The `default` component represents the host, and is meant to be listed
if transfer definitions exist in (for example) `/etc/sysupdate.d`
corresponding to the host OS. This then corresponds to `TARGET_HOST` in
`updatectl` and causes it to try updating that target.
The logic for working out whether the `default` component was present
essentially boiled down to “does `{/run,/etc,/usr/lib}/sysupdate.d`
exist”, and it didn’t check whether a `.transfer` or `.conf` file
actually existed in the config directory.
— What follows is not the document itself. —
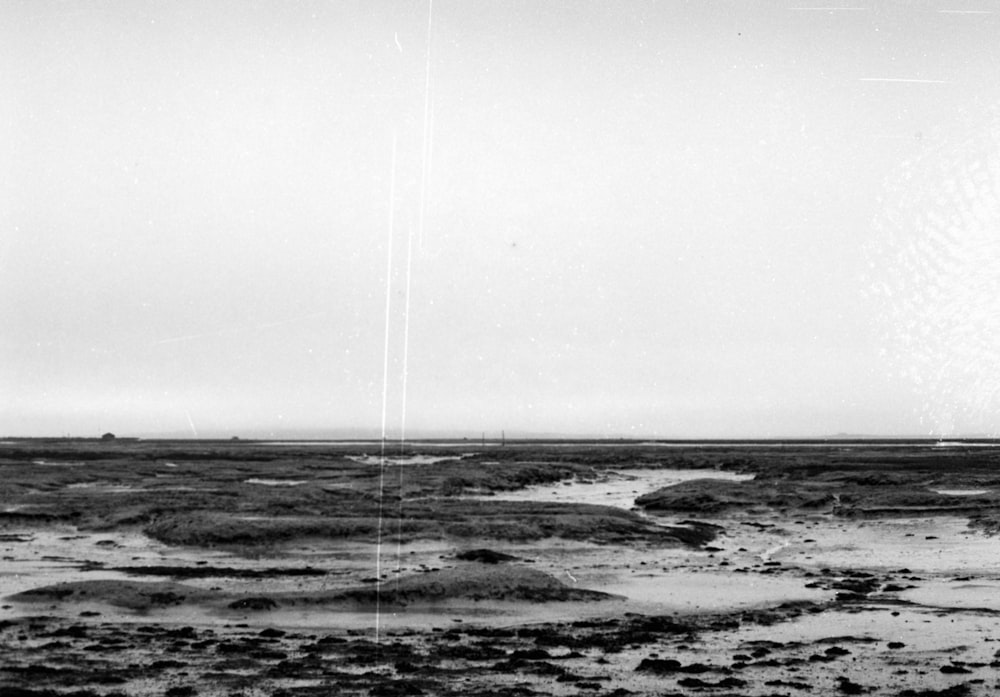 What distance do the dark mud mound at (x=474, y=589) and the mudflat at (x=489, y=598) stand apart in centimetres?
7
This is quite the corner case, but becomes more evident on systems where
sysupdate is being used to update a portable service but not the main
OS. At that point, if `/etc/sysupdate.d` exists empty (for some reason),
`updatectl` falls over because it starts trying to update the host OS
without any configuration to do so.
So, modify `sysupdate` to more fully load the available configuration
when listing components, and query it a bit more deeply to check whether
a default component exists.
If `sysupdate` is called with various command line arguments to affect
how its configuration is loaded, do *not* say that a default component
exists, as these arguments essentially anull the possibility of a
default being used in that process.
Add an integration test based on the reproducer provided by the issue
reporter. This test has been tested to fail if the changes to
`sysupdate.c` aren’t applied — if so, the second call to `sysupdate
components` would return
`{"default":true,"components":["some-component"]}`.